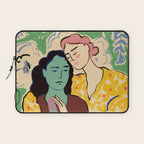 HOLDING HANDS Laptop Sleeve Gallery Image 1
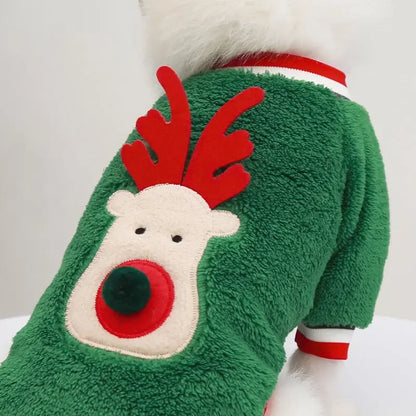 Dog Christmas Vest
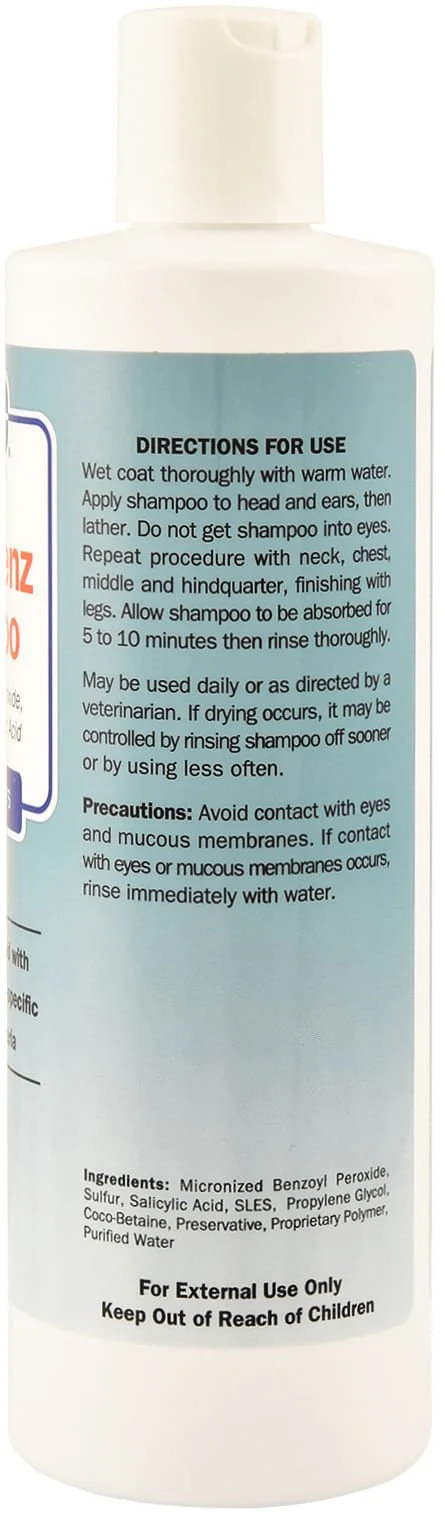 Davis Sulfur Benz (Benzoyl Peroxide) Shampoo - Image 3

* **Activity**
Since only the text is needed, retype the data above exactly and omit the pictures.

* **Output for this task**
 HOLDING HANDS Laptop Sleeve Gallery Image 1
 Dog Christmas Vest
 Davis Sulfur Benz (Benzoyl Peroxide) Shampoo - Image 3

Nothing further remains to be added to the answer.